There seems to be some confusion in these answers that must be clarified. Cartesian GP is different from classic GP (aka tree-based GP), and GEP. Even though they share many concepts and take inspiration from the same biological mechanisms, the representation of the individuals (the solutions) varies.
In CGPthe representation (mapping between genotype and phenotype) is indirect, in other words, not all of the genes in a CGP genome will be expressed in the phenome (a concept also found in GEP and many others). The genotypes can be coded in a grid or array of nodes, and the resulting program graph is the expression of active nodes only.
In GEP the representation is also indirect, and similarly not all genes will be expressed in the phenotype. The representation in this case is much different from treeGP or CGP, but the genotypes are also expressed into a program tree. In my opinion GEP is a more elegant representation, easier to implement, but also suffers from some defects like: you have to find the appropriate tail and head size which is problem specific, the mnltigenic version is a bit of a forced glue between expression trees, and finally it has too much bloat.
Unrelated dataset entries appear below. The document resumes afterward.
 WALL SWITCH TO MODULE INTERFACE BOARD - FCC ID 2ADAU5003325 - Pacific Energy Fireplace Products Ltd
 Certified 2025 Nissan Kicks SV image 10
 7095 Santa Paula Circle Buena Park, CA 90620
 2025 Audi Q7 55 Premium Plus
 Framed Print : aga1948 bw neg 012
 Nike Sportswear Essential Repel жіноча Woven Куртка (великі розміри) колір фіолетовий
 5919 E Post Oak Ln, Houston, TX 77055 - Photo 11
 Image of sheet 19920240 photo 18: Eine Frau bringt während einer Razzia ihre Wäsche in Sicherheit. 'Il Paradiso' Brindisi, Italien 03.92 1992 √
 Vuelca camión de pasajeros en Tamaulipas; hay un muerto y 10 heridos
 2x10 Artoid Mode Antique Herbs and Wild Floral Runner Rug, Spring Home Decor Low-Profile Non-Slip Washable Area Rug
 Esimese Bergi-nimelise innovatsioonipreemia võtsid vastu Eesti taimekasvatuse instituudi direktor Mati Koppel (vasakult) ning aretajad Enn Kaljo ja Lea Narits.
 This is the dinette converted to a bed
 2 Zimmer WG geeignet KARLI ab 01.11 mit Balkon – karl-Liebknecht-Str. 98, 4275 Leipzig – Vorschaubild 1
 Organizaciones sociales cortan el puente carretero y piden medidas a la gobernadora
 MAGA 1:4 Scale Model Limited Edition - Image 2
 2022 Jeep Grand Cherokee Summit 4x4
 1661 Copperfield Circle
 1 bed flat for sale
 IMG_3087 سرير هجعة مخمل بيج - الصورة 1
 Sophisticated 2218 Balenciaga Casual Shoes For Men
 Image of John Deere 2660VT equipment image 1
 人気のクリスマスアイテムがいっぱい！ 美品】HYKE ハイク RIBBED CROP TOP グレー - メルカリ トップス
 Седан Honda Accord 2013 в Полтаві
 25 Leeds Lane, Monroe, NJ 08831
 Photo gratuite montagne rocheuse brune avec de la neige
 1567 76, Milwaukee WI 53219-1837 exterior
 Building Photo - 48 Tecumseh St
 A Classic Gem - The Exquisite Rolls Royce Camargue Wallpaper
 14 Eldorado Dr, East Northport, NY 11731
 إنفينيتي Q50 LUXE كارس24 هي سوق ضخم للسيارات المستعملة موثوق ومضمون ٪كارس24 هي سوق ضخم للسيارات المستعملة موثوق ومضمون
Independently of which representation may be better than the other in some specific problem domain, they are general purpose, can be applied to any domain as long as you can encode it.
In general, GEP is simpler from GP. Let's say you allow the following nodes in your program: constants, variables, +, -, *, /, if, ...
For each of such nodes with GP you must create the following operations:
- randomize
- mutate
- crossover
- and probably other genetic operators as well
In GEP for each of such nodes only one operation is needed to be implemented: deserialize, which takes array of numbers (like double in C or Java), and returns the node. It resembles object deserialization in languages like Java or Python (the difference is that deserialization in programming languages uses byte arrays, where here we have arrays of numbers). Even this 'deserialize' operation doesn't have to be implemented by the programmer: it can be implemented by a generic algorithm, just like it's done in Java or Python deserialization.
This simplicity from one point of view may make searching of best solution less successful, but from other side: requires less work from programmer and simpler algorithms may execute faster (easier to optimize, more code and data fits in CPU cache, and so on). So I would say that GEP is slightly better, but of course the definite answer depends on problem, and for many problems the opposite may be true.